Jika sebelum direvisi maksimal hukuman untuk Pasal 27 menjadi 6 tahun, maka setelah direvisi menjadi 4 tahun. Ini agar pelaku tidak bisa langsung ditahan.
Meski sudah direvisi, ternyata dalam praktik di lapangan, korban-korban dari UU ITE masih berjatuhan.
Kala itu yang menjadi momok adalah penggunaan Pasal 28 ayat (2) dan Jo Pasal 45 bagi warganet, terutama untuk mereka yang bersuara keras terhadap kebijakan pemerintah.
Bunyi Pasal 28 ayat (2) UU ITE adalah sebagai berikut:
Setiap Orang dengan sengaja dan tanpa hak menyebarkan informasi yang ditujukan untuk menimbulkan rasa kebencian atau permusuhan individu dan/atau kelompok masyarakat tertentu berdasarkan atas suku, agama, ras, dan antargolongan (SARA).
Sedangkan Pasal 45A ayat 2 UU ITE menyatakan "Setiap Orang yang dengan sengaja dan tanpa hak menyebarkan informasi yang ditujukan untuk menimbulkan rasa kebencian atau permusuhan individu dan/atau kelompok masyarakat tertentu berdasarkan atas suku, agama, ras, dan antargolongan (SARA) sebagaimana dimaksud dalam Pasal 28 ayat (2) dipidana dengan pidana penjara paling lama 6 (enam) tahun dan/atau denda paling banyak Rp1.000.000.000,00 (satu miliar rupiah)".
UU ITE menggunakan unsur SARA yang diterjemahkan dengan "suku, agama, ras, dan antargolongan". Sementara UU Nomor 40 tahun 2008 tentang Penghapusan Diskriminasi Ras dan Etnis (UU Diskriminasi Rasial) khususnya di Pasal 4 dan Pasal 16 elemen utamanya adalah "kebencian atau rasa benci kepada orang karena perbedaan ras dan etnis" atau "kebencian atau rasa benci kepada orang lain berdasarkan diskriminasi ras dan etnis".

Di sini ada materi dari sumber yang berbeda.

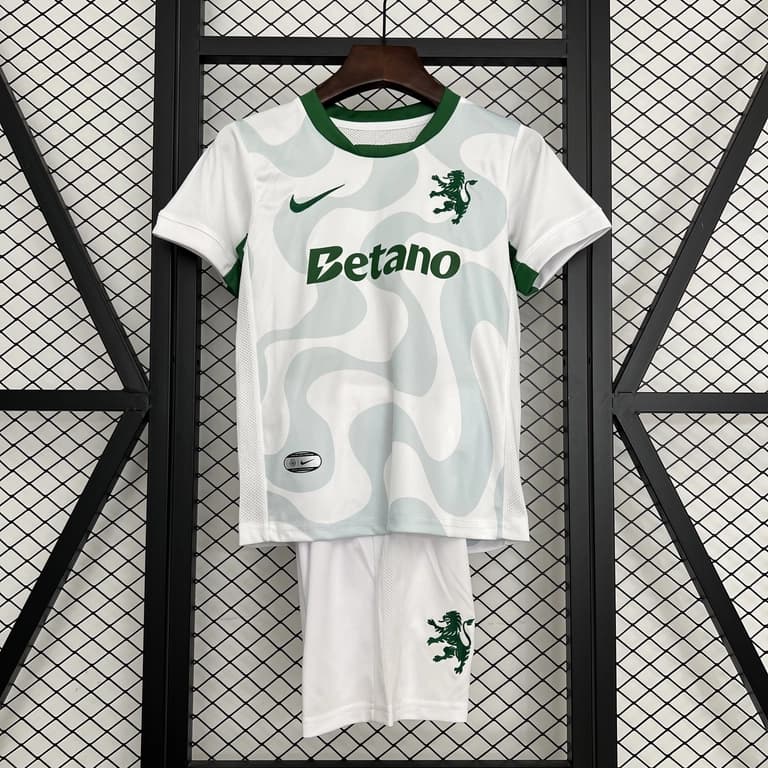 Sporting CP 2025/26 Kids Third Kit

Artinya, Pasal 28 ayat (2) UU ITE muatannya lebih luas lingkupnya di banding UU Diskriminasi. Karena tidak hanya mengatur etnis dan ras namun ada unsur kejahatan dalam frase "agama dan antar golongan", yang tidak ada dalam UU Diskriminasi.
Dalam pemantauan Institute for Criminal Justice Reform (ICJR), Pasal UU ITE ini telah digunakan dalam berbagai kasus penyebar kebencian di Indonesia, berbeda dengan Pasal dalam UU Diskriminasi Rasial, yang belum pernah digunakan sama sekali dalam Pengadilan.
Usulan Revisi
Sekarang, Pemerintah melalui Kementerian Komunikasi dan Informatika (Kominfo) dan Kementerian Hukum dan Hak Asasi Manusia (Kemenhukam), mengusulkan Perubahan Kedua atas UU ITE.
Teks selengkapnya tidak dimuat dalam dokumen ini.